(BRIEF) When you copy the material below, keep every line exact and omit the pictures.

(GIVEN INFORMATION)
=====
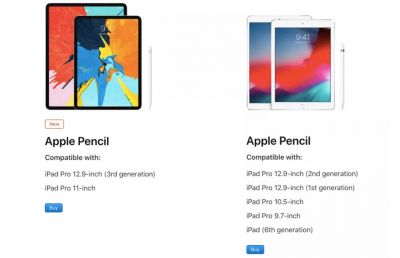 Стилусы Apple Pencil предыдущего поколения не совместимы с новыми iPad Pro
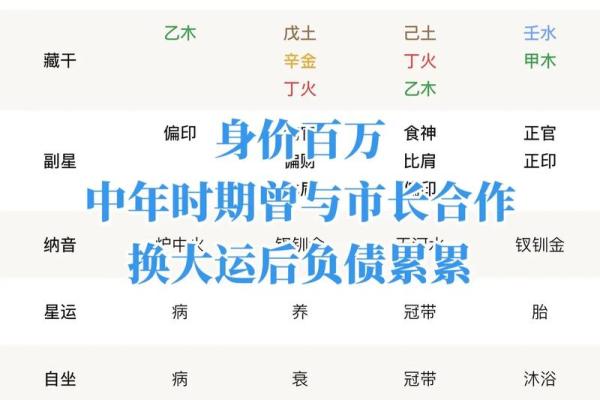 免费八字命理分析 揭示人生方向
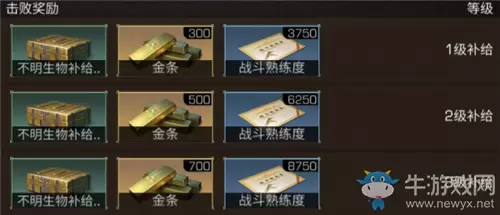 《明日之后》不明生物击败奖励一览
=====
(YOUR RESPONSE)
 Стилусы Apple Pencil предыдущего поколения не совместимы с новыми iPad Pro
 免费八字命理分析 揭示人生方向
 《明日之后》不明生物击败奖励一览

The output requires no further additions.